What the task requires:
Exact copy, no pictures: return only the lines below from the line with "-庐灶江南·江南菜·四合院Bistro(东直门雍和宫·原华侨宾馆店)" up to and including the line with "Romp Mini Vibrator".

Data shown:
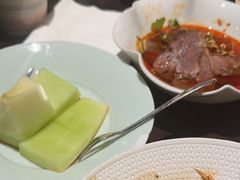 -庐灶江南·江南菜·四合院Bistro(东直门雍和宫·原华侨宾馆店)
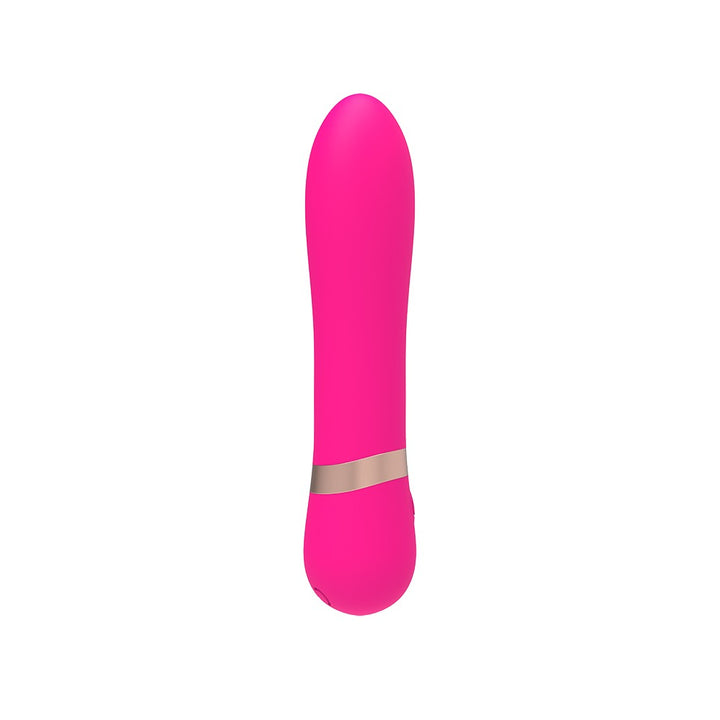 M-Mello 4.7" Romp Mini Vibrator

==

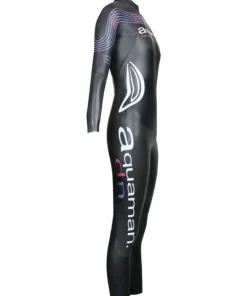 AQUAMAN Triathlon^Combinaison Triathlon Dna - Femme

Written response:
 -庐灶江南·江南菜·四合院Bistro(东直门雍和宫·原华侨宾馆店)
 M-Mello 4.7" Romp Mini Vibrator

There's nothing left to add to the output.